明治45年(1912年)2月9日、大分県に後に”昭和の大横綱”となる、龝吉(あきよし)定次が生まれます。定次は父の経営する海運業での借金と、母や兄・妹を亡くすなどして、次男の身で一家の家計を支えるため、父の営む海運業を手伝っていました。

元々相撲にはあまり思い入れの無かった定次は、初めて出場した相撲大会で、相手を上から押さえつけて倒すという荒業が新聞紙上を賑わし、この記事を見た大分県警察部長の双川喜一(ふたがわきいち)の世話で、立浪部屋へと入門することとなります。

定次の初土俵は昭和2年(1927年)3月場所、四股名は”大成する人は幼少のときからすぐれている”というたとえである諺「栴檀(せんだん)は双葉より芳し」から、「双葉山」としました。

新弟子時代の双葉山は非常に稽古熱心で、同期の大八洲晃(おおやしまあきら)と朝稽古のための早起きを競って親方から苦情が出たり、兄弟子たちの”かわいがり”という厳しい猛稽古にも動じなかったのでした。

昭和6年(1931年)5月場所で新十両(西5枚目)へと関取への昇進を果たすものの、この場所は3勝8敗と初めて負け越し、翌年1月場所は東十両6枚目に陥落となったのです。ところが、場所前に「春秋園事件」が発生し、大量の力士脱退を受けて行われた2月場所で大抜擢で新入幕となり、西前頭4枚目へと繰上となるのでした。
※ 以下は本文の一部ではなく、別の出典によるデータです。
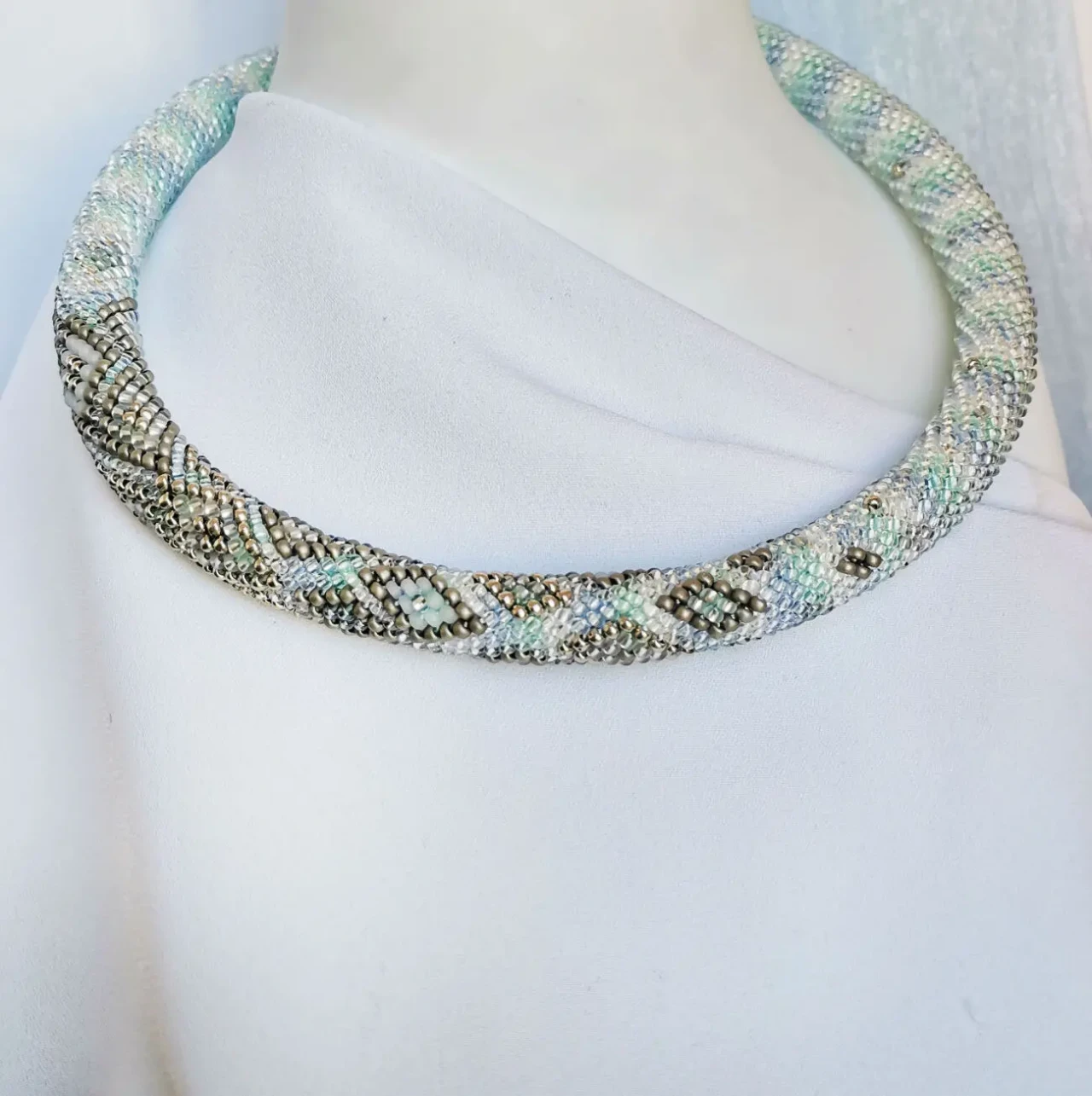 Прикраса із бісеру кольє-джгут Туман 2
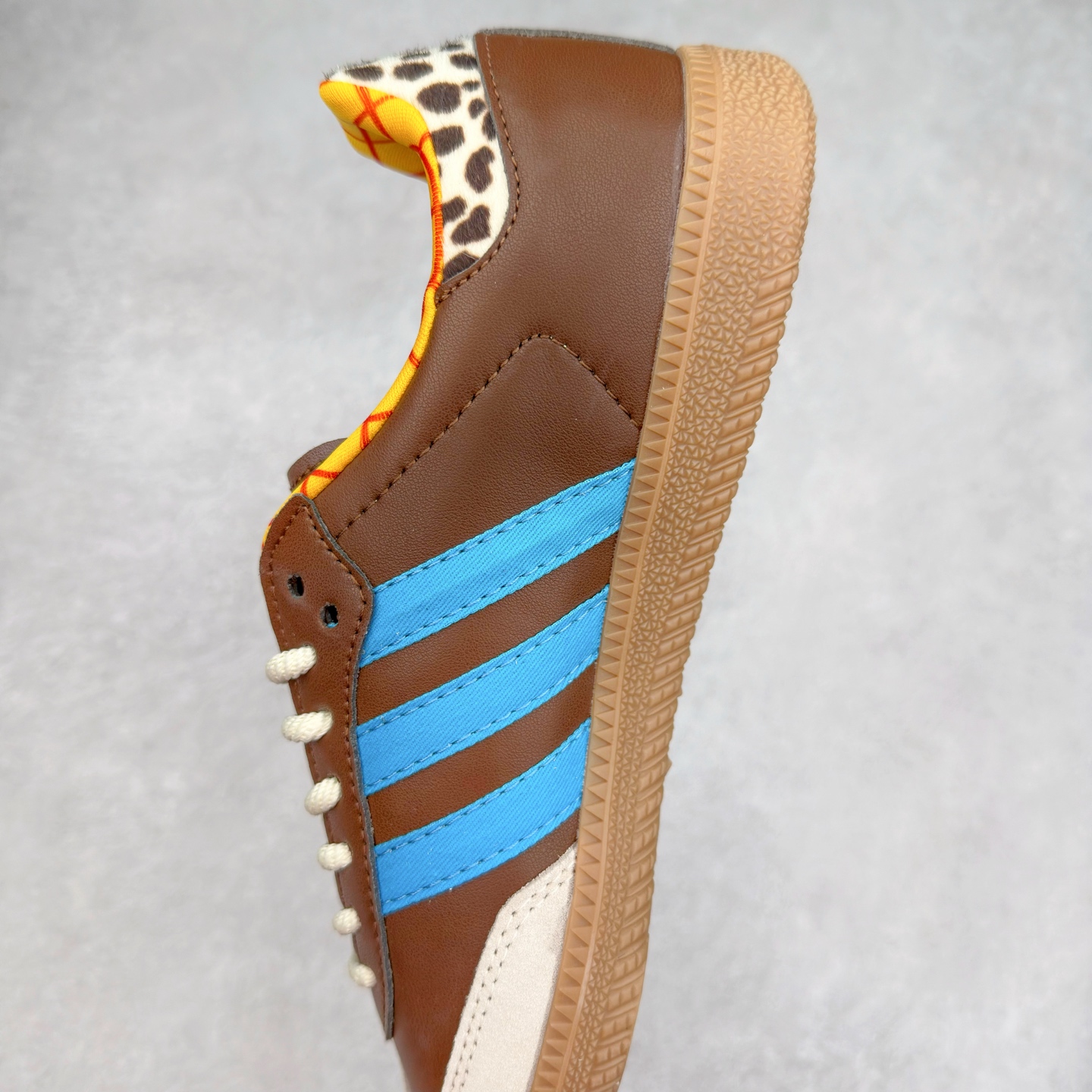 图片[7]-AD Original Samba OG 复古经典轻便板鞋 JI3098 这款桑巴鞋展示了高质量的工艺 带有装饰的超锁缝制和无缝的手感 柔软、柔软的皮革造型和标志性的3条纹完成了精致的外观 正规合身鞋带 鞋面上有绒面鞋垫 橡胶鞋底 享受正畸套筒软感 自50年代首次亮相以来就一直在赢得粉丝的青睐 尺码：36 36.5 37.5 38 38.5 39 40 40.5 41 42 42.5 43 44 44.5 45-选品中心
入幕後の昇進は、その正攻法の取り口が上位にかなわないことから時間がかかります。しかし、船に乗っていた経験が生きて足腰は強く、いくら土俵際まで攻め込まれても逆転してしまうことから、「うっちゃり双葉」と皮肉られることもありました。

どうにか昭和10年(1935年)1月場所で小結に昇進するものの負け越して前頭筆頭へ陥落、蓄膿症の手術を機に体重が増えて取り口が変化し、”後の先を取る”とされる立会いとなりました。

昭和11年(1936年)1月場所6日目、前頭2枚目の双葉山は第32代横綱玉錦に”引き落とし”で負けましたが、翌日7日目には前頭4枚目の瓊ノ浦(たまのうら)に”うっちゃり”で勝利して、ここから未だに破られていない連勝記録に入って行きます。

この場所は玉錦が全勝優勝で、双葉山は9勝2敗でしたが、翌場所(昭和11年5月)は関脇に昇進して11戦全勝で初優勝、新大関となった昭和12年(1937年)1月場所は11銭全勝(優勝)で27連勝目、次の5月場所は13戦全勝(優勝)で横綱昇進を決め、大関を無敗で通過し、40連勝となります。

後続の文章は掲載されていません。